/---
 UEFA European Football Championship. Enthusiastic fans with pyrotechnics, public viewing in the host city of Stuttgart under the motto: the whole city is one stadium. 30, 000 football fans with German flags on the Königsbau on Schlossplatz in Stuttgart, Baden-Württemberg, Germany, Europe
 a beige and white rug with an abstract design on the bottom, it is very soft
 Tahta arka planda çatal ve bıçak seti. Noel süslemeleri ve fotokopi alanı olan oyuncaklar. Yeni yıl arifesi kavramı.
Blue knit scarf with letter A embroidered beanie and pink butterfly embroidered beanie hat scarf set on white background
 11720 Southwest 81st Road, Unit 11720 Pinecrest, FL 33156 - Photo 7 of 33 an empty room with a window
\---
/---
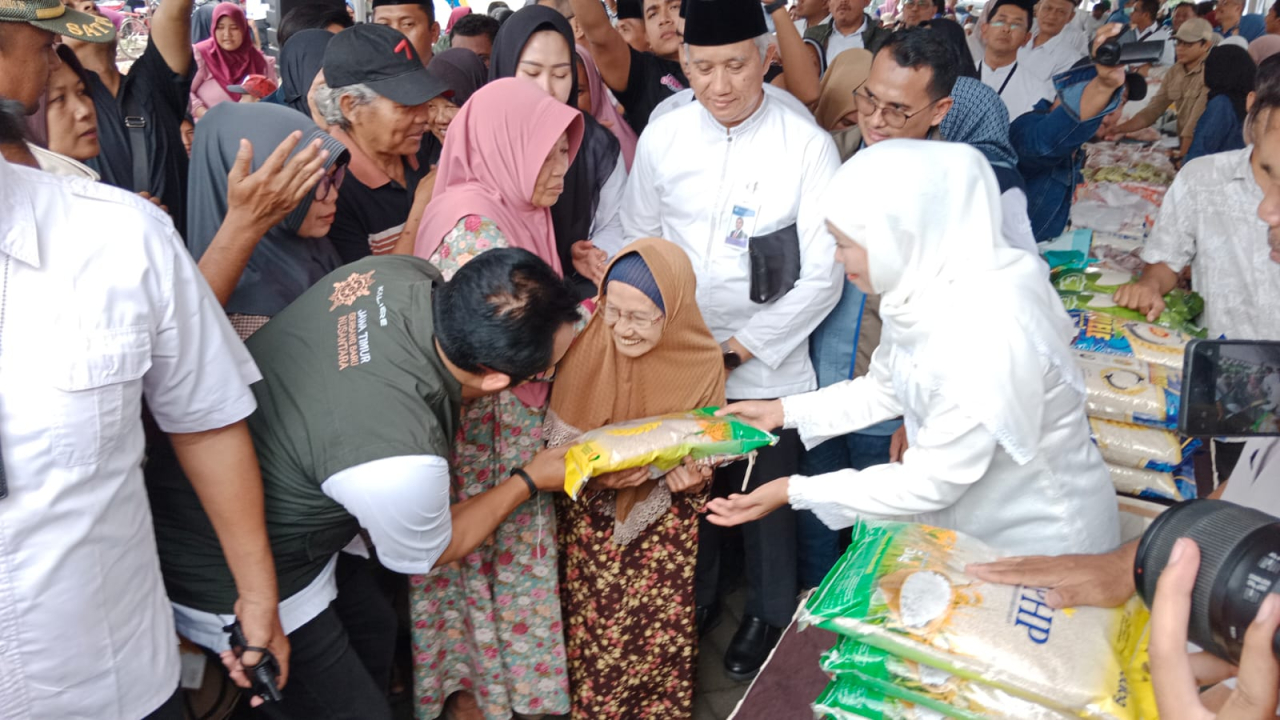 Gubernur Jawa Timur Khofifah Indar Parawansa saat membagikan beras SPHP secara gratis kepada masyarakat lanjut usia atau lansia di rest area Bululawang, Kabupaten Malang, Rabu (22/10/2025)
\---
### What to produce
Of the lines above, retype only those from the line containing "a beige and" through the line containing "11720 Southwest 81st", including both, exactly.

### Task answer
 a beige and white rug with an abstract design on the bottom, it is very soft
 Tahta arka planda çatal ve bıçak seti. Noel süslemeleri ve fotokopi alanı olan oyuncaklar. Yeni yıl arifesi kavramı.
Blue knit scarf with letter A embroidered beanie and pink butterfly embroidered beanie hat scarf set on white background
 11720 Southwest 81st Road, Unit 11720 Pinecrest, FL 33156 - Photo 7 of 33 an empty room with a window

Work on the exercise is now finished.